David Bowie was playing on the stereo when I killed Amanda Welsh. “The Jean Genie”. I felt my head bobbing and swaying from side to side in time with the music as I held the garotte. It was kind of irritating that her feet were out of synch when they flopped and thumped on the floor. That didn’t last, though.
Some time after her last twitch I peeled the wire from where it had sunk in to her flesh. trapped air escaped in a huff and I leaned in quick to suck it into my lungs. Nothing like that last dying breath. It’s that connection with death that only certain people know well. It’s almost like breathing in their memories. The last of everything they were is in there.
One thing I do hate about urban kills, though, is the noise factor. So much easier to crack the skull with a bonesaw, but they seem to draw attention with the sound they make. They’re like a minigun winding up before it starts thundering. So no power tools tonight. This is old school. That’s why I have the toolbox.
It doesn’t take nearly as long as it used to. Back seventy or forty or even twenty bodies ago and it would have been a lot of work and time. I’ve got it pretty worked out now. Pop the skull cap, dig in with a blade. I make a little triangle pattern around it and just hoist out a chunk. Bingo. One pineal gland from a nineteen year old Caucasian female. That leaves me eighteen more to go.
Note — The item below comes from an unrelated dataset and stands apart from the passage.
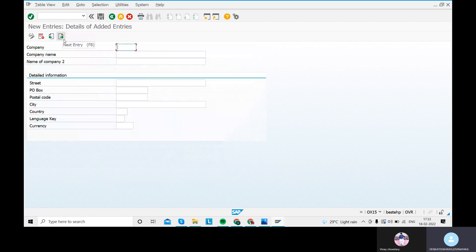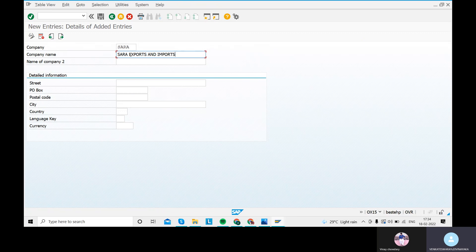Here we will have 'New Entries'. You can just go to New Entries and create the company. I'm entering the company name here.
The younger it gets, the easier it is. Finding the women for ages ninety through one hundred was probably the hardest. Those that are alive at that age are usually under some kind of care. Eighty to ninety was a little easier. Mid-sixties up to the eighty mark? Gravy. No one remembers them much, and by the time someone checks on them I’m long gone. Down to about fifty was easy to find, but I had a few fighters. From fifty through the mid-thirties they all fought. After that I chose more carefully. I had a large pool to pick from. The one with the fresh cast on her arm. The one back from the rather painful ski mishap. Amanda had one of those inflatable boot things on her right foot. What’s she going to do? Run away?
Back at home the gland in its bath of oils and unguents goes into place with the other eighty-one of them in the safe. Miles away, Amanda Welsh’s home is turning into ash around her remains. All that is left of her now floats in a baby-food-sized jar. I can feel it staring at me as I close the door.
It’s a pain in the ass having to take this many glands, but the books are quite precise on what I need. All the non-perishable ingredients have been assembled. The basement floor has all the circles and shapes as written. Cut and polished by hand, two years work. Every groove filled with molten silver. Everything so precise. Nothing to chance.
Eighteen more glands. Eighteen and I will have the key to open the gate.